I love these mushrooms for three reasons: l) The flavor is sensational; 2) They are quick and easy to make, with few ingredients needed; and 3) Bob, our friend who is a vegetarian, can eat them, so he doesn’t mind it when I ask him to whip up a batch in my kitchen!
- 1 pkg. of cream cheese (8 oz.), softened
- 1 lb. button mushrooms
- 1/4 cup parmesan cheese (either grated or shredded)
- 1/2 tsp. of a really great seasoning mix, such as Trader Joe’s 21 Seasoning Salute or Trader Joe’s Everyday Seasoning. If you don’t have something like that, you can use 1/4 tsp. garlic powder, a dash of salt, a few herbs like basil and oregano, or 1/2 tsp. Italian Seasoning herbs and a dash of salt
- 1 stick butter, melted
- Red pepper flakes or chopped parsley or finely diced chives
Preheat the oven to 350 degrees.
Clean the mushrooms (with a mushroom brush, a damp paper towel, or whatever your favorite method is). Cut a small slice off the bottom so each mushroom will sit still without wobbling. Remove the stems. Finely chop both the stems and the slice you cut off the bottom. (I shouldn’t need to say this, but I don’t want any bad things to happen, so I will be very clear: Don’t chop up the mushroom caps. That’s what you’re going to stuff, silly.)
Mix together the cream cheese, parmesan cheese, and your seasonings while you melt your butter in the microwave. Place the melted butter into a shallow bowl for use in a minute. Meanwhile, after the other ingredients are thoroughly mixed, gently fold in the chopped mushroom parts.
Get out a cookie sheet. If you have a small cookie scoop (the kind you squeeze and it will drop out your ball of dough), use it to place a small scoop of cheese filling into the cavity of each mushroom cap. [Otherwise, slip on your food-safe gloves and roll your own balls and place them into the mushroom caps.] Roll each mushroom cap in the melted butter to coat, then place on the cookie sheet.

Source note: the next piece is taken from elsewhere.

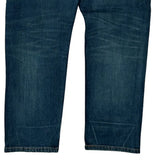 Levis Slim Fit Jeans - 36W 30L Blue Cotton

Bake at 350 degrees for approximately 30 minutes. Do not expect them to get brown. The purpose of baking is to cook the mushrooms and melt the cheeses. When you take them out of the oven, top part of them with red pepper flakes, part with chopped parsley, and leave part without adornment. Something for everyone! (Unless you’re around my house, in which case you top them all with crushed red pepper flakes and call it good, because otherwise fights will break out.)
These probably keep well. The only thing I can attest to is that they’re good for breakfast the next day. I assume they would last longer than that, but I have no personal experience with them being around longer than that.